Il suo capolavoro diceva fosse Ascolta, e non è sbagliato, perché è una tavola – umanissima – dei valori del vivere. Come Il giorno prima o Passaporto per le stelle. Però certo a me diede tanto con Senza frontiere, che nell’88 (!) portò nel mio mondo di adolescente la coscienza del rischio del razzismo per gli extracomunitari, come pure il fatto che in Sudafrica c’era l’apartheid e Mandela era in carcere. E poi Pierre con la sua sensibilità per i cosiddetti “diversi”, il cantare in modo violentissimo ma poetico la guerra (vista dagli occhi di un bambino col papà al fronte del Kosovo, in Padre a vent’anni) o lo stupro (Il silenzio della colomba), la prostituzione o gli zingari, Tien An Men o le battaglie femministe. Padre del fuoco padre del tuono padre del nulla, del ’76, credo sia un capolavoro assoluto di sintesi di quanto il genere umano ha fatto nel bene e nel male nella storia del mondo, tra invenzioni e smania d’onnipotenza. Davvero, penso Valerio andrebbe studiato nelle scuole: curioso di tutto, ha saputo parlare di tutto. E peccato che i Pooh troppo spesso certe canzoni dal vivo non le facessero: come fai a convincere i critici che non canti banalità se in un disco di temi sociali come Poohlover il singolo è l’unica canzone d’amore, Linda? Anche questa critica, con le risposte a essa dei Pooh, fa parte d’un libro che vuole analizzare davvero la loro magnifica storia.
Inevitabile parlare dei quattro. Il segreto della loro stabilità è stato l’alchimia tra ruoli e compiti diversi. Se volessimo usare pochi aggettivi per inquadrare Red, Dodi, Roby e Stefano, quali sceglieresti?
Per tutti talentuoso e umile, capace cioè di sacrificarsi, quando serviva, per il bene del progetto.
Red è una persona dolce, creativa, elegante per cultura, e il suo musical/opera pop Casanova lo sta dimostrando.
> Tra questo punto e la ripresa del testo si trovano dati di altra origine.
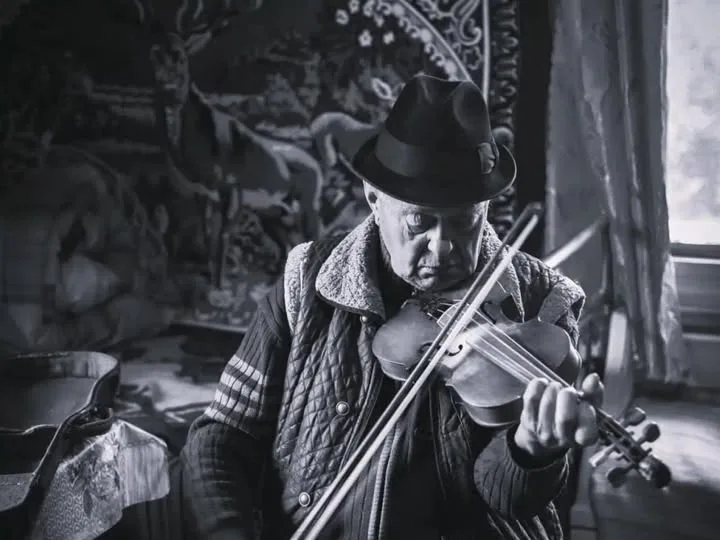 Чоловік грає на скрипці в кімнаті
Dodi un musicista pazzesco ma anche pudico, che si mette al servizio della Musica dall’arrangiamento all’assolo, e un uomo perbene.
Roby è un gigante della composizione ma soprattutto un’anima pura, un artista vero, una persona d’una bontà straordinaria.
E Stefano era, purtroppo al passato, un’intelligenza rara: aveva visione, lucidità, arguzia, ironia e autoironia, nonché una sensibilità che nascondeva spesso dietro la coltre del sarcasmo, per non farsi ferire.
In un pugno di dischi di metà anni ’70, direi da Parsifal a Boomerang, i Pooh sembrava facessero davvero sul serio, con sonorità dal respiro internazionale. È forse quello il meglio della loro storia?
Probabilmente sì, comprendendo però anche Viva nel mucchio. La scelta di un pop più lieve, praticata dopo gli anni con l’orchestra e il produttore Lucariello, ha via via distolto la band dalle suite e dagli strumentali; poi l’involuzione della musica “per il mercato” ne ha semplificato certi arrangiamenti geniali e molto complessi (Dodi in questo era strepitoso, a dir poco, basta ascoltare appunto Boomerang); e alla fine il tempo che passava li ha spinti a dividersi sin troppo –per restare insieme sempre in parità fra loro – brani da incidere, parti vocali, presenze sul proscenio dei live. Sino ad una sorta di “gioco dei quattro cantoni”, come l’ha definito un critico. Certo i Pooh al top – vedi Ascolta – hanno colpito anche “dopo”, ma in quegli anni ‘70 hanno toccato vette inarrivabili anche nel cosiddetto, più semplice, pop.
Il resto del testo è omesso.